Developing this level of mastery for a dozen or more cases can be tough. One strategy is to work up a summary table to help your team organize their thoughts. Click here for an article on doing that via a “case summary matrix.”

Commandment II: Be Thyself

The implicit pressure to adopt the style, mannerisms and tone of the judges (or what your team imagines the judges’ style, mannerisms and tone will be) can be strong, especially if they’re new to applied ethics and ethics bowl.

However, this is both likely to come across as transparently insincere (students are not judges, so why pretend to behave like them?), and to make your team feel a bit slimy.

Encourage them to find and become comfortable speaking in their unique voice, whatever that voice might be. Their “stage self” will be different (a little more polished, a little more formal, but still them) from their “hanging out with friends self,” or their “attending a concert self,” or even their “prepping with the team self.” But if the personalities that shine through are genuine, they’ll be more comfortable and confident, the judges will likely respect them more, and as a coach, their performance will be more likely to make you smile. (Warm smiles of pride are one of the primary perks of being an ethics bowl coach.)

Commandment III: Practice

Last, in order to develop your stage self, and in order to really know what you’re talking about, you have to practice. Your team won’t know exactly what questions will be asked, either by the moderator, the other team, or the judges, and so can’t rehearse responses. But they do know the cases, and they will have general positions sorted out beforehand, and can practice delivering an overview that establishes their mastery of the key details, as well as their general take, which they can customize and elaborate upon per the flow of the bowl.

Rehearsing a 60-second pitch that covers that much will significantly boost their confidence, and will allow them to begin speaking on a strong note. Starting strong will make a nice initial impression, affirming to themselves and everyone in the room that they’ve taken the event seriously.

To give them practice answering questions, simply conduct a mock bowl. How soon to do this during bowl preparation depends on your team’s familiarity with applied ethics, the cases and the bowl process. But there are few better ways to prepare for any event than running through the motions. That’s why actors do dress rehearsals, sports teams scrimmage, boxers spar, and militaries conduct war games. The more mock bowling, the better prepared and comfortable your team will be.

Stage Fright

Last, if you have team members who after carefully studying the material, embracing their stage selves, and rehearsing are still anxious about speaking, click here for a free chapter from my public speaking book on conquering nervousness. My “Urban Honey Badger” assertiveness drill is a little unorthodox. But it works!

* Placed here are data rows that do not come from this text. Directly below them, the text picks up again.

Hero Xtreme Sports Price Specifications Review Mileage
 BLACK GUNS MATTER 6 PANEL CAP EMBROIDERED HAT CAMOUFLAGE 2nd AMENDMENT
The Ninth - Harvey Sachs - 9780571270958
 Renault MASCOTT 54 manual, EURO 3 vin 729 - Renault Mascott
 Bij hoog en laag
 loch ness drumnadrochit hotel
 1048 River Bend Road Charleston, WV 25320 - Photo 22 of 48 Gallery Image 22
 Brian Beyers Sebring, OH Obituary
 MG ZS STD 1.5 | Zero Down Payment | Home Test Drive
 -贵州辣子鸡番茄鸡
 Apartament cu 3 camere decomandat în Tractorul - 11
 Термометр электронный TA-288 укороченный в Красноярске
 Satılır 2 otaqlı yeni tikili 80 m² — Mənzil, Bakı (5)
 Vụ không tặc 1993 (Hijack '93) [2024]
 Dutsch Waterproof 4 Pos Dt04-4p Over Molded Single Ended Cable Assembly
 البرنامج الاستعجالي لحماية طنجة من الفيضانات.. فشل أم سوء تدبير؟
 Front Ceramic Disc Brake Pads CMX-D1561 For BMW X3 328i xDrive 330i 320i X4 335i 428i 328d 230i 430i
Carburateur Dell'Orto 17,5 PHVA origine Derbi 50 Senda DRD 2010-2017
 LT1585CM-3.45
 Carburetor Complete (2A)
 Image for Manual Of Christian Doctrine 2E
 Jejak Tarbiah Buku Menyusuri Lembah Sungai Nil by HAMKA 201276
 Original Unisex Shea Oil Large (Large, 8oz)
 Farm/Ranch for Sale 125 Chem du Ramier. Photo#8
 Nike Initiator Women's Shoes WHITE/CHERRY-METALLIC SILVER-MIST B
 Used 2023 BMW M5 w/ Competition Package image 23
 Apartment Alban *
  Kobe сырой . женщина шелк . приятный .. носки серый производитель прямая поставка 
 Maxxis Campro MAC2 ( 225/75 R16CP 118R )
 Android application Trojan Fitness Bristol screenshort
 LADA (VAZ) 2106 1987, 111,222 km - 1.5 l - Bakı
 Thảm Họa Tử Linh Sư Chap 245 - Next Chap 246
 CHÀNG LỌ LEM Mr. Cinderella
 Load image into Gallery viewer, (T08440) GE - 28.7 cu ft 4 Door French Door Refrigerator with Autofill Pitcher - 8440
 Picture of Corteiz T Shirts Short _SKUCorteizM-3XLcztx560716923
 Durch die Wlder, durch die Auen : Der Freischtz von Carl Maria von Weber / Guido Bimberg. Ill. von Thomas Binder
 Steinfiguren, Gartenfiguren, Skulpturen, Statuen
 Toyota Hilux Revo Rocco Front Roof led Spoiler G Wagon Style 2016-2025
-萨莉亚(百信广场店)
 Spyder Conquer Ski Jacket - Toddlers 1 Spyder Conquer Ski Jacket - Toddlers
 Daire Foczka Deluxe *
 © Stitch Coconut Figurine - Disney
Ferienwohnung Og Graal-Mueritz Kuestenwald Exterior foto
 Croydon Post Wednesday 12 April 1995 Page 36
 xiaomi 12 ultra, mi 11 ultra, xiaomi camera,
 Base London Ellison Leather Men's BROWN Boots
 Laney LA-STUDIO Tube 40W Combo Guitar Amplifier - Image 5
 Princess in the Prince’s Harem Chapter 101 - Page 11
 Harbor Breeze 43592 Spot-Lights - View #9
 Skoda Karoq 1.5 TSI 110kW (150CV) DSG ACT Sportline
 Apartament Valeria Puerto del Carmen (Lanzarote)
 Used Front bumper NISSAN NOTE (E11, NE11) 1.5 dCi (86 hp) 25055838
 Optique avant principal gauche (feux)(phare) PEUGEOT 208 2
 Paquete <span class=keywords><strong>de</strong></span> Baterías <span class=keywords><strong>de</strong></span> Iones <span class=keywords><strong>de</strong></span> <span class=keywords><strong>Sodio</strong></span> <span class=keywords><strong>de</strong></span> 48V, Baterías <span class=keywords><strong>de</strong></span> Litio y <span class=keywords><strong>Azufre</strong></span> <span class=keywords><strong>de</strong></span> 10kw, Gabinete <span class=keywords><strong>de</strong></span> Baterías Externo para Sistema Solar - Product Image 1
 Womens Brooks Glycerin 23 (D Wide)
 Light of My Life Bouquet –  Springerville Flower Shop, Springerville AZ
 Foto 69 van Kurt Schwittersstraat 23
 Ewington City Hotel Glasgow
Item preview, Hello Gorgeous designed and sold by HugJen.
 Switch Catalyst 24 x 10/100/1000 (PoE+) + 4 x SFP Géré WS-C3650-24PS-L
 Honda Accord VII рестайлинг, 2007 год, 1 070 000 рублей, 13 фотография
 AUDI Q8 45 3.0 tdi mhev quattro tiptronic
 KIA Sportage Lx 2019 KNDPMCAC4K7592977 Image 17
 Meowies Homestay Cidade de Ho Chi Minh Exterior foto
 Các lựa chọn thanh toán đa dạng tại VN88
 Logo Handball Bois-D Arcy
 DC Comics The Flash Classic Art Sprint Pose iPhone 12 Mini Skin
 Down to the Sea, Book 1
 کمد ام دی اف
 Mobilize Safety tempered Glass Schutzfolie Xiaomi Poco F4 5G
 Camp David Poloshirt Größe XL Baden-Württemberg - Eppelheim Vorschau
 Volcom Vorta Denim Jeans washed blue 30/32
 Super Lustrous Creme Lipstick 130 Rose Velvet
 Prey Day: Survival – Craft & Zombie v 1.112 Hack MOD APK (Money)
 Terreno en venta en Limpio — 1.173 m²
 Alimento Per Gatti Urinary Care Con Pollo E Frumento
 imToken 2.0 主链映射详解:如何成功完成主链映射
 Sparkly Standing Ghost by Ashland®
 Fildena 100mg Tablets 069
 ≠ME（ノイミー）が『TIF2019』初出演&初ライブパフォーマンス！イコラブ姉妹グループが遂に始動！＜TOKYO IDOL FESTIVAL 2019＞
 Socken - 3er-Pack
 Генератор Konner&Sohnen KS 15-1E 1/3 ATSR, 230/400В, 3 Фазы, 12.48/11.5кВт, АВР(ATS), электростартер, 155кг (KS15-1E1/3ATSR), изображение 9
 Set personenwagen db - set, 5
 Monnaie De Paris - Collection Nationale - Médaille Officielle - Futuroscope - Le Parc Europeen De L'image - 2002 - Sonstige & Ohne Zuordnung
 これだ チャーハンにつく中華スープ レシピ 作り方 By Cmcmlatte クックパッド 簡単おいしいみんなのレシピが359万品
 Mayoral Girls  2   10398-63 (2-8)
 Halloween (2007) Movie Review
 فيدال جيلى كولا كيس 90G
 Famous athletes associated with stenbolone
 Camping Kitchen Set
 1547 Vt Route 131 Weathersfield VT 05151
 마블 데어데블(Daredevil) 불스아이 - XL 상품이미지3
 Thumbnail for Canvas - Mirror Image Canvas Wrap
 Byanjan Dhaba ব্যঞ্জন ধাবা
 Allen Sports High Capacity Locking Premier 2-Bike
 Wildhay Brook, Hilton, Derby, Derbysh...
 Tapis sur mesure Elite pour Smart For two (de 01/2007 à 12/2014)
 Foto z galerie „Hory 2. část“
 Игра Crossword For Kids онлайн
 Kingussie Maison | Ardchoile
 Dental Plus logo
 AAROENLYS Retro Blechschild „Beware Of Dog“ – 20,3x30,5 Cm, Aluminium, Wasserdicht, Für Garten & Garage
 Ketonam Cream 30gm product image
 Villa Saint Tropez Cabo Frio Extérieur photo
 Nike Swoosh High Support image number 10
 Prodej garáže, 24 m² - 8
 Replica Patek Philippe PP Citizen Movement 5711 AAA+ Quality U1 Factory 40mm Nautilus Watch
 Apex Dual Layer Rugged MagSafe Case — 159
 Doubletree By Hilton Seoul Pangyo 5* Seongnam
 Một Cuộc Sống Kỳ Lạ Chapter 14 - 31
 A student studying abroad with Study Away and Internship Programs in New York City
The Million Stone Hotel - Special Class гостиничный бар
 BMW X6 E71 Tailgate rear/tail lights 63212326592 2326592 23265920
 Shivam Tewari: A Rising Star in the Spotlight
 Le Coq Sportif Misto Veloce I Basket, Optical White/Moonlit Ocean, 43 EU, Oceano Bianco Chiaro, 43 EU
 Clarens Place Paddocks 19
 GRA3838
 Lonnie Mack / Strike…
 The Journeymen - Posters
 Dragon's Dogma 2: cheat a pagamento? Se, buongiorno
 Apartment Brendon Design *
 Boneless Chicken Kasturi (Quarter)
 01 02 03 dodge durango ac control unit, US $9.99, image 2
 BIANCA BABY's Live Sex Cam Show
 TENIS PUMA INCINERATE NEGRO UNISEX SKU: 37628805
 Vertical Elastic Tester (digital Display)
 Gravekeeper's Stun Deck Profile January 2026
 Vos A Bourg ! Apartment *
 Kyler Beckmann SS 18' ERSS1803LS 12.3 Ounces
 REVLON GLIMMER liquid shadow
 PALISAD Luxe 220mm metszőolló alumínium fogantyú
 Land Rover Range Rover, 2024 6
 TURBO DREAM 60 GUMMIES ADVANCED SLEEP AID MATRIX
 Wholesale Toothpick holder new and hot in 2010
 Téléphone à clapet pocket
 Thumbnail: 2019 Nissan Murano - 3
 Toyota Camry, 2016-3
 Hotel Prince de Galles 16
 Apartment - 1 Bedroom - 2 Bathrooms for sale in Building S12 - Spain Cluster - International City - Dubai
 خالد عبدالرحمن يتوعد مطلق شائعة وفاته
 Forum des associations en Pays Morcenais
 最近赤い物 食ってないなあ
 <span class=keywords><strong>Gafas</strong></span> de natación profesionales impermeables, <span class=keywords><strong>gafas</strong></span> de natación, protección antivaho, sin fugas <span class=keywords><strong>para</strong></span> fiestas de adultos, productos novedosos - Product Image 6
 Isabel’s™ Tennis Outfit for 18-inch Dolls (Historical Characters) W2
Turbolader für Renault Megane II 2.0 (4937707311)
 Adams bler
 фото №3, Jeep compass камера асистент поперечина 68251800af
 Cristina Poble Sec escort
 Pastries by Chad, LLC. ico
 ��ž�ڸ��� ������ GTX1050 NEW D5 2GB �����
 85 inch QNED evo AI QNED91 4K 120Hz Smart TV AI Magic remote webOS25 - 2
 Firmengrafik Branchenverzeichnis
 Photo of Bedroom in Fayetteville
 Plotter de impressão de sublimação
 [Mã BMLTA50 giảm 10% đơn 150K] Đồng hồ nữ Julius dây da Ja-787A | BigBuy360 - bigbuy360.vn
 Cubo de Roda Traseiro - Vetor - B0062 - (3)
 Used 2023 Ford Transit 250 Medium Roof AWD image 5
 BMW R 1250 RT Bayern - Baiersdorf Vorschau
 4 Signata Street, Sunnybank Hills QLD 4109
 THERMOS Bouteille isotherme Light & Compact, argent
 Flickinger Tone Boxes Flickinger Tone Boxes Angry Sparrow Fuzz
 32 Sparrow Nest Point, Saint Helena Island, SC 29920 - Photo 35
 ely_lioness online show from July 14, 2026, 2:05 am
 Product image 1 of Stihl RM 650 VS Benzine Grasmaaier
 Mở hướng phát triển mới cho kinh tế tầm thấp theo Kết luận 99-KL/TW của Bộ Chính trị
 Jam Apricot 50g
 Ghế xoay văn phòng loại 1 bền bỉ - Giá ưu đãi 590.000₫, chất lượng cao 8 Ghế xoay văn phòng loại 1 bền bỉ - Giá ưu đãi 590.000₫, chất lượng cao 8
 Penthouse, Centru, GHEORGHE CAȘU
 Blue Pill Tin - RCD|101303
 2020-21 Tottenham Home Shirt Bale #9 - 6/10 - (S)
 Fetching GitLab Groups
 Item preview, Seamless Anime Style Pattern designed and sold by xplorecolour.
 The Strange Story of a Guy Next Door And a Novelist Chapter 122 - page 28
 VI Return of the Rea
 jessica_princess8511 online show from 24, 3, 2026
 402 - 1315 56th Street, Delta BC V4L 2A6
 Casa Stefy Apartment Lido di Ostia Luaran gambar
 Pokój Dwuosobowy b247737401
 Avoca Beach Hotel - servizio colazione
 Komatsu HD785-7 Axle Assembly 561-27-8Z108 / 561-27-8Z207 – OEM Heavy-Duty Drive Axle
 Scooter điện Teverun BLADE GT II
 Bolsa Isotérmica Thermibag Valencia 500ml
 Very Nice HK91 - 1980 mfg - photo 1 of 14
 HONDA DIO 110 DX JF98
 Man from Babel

For a video overview of my Three Commandments of Public Speaking, check out the below. And if you think your team could use my public speaking book, don’t buy it — just shoot me an email — happy to mail a free copy to any ethics bowl team that would do me the honor of using it. Cheers, Matt

Arguments vs. Opinions

In academic philosophy, an “argument” is a series of claims, called premises, intended to logically support another claim, called the conclusion. Sometimes rather than providing an actual argument, people will simply articulate an unfounded opinion, sometimes emphasizing how strongly they hold it (as if that somehow strengthens its plausibility or gives us objective reason to accept it). 

For example:

“It is my strong belief that abortion is wrong except in cases to save the mother’s life. I have believed this since I was young, and it seems obviously true – something even a child could appreciate. How could a moral person support the killing of an innocent baby? They couldn’t, and anyone who does is clearly evil.”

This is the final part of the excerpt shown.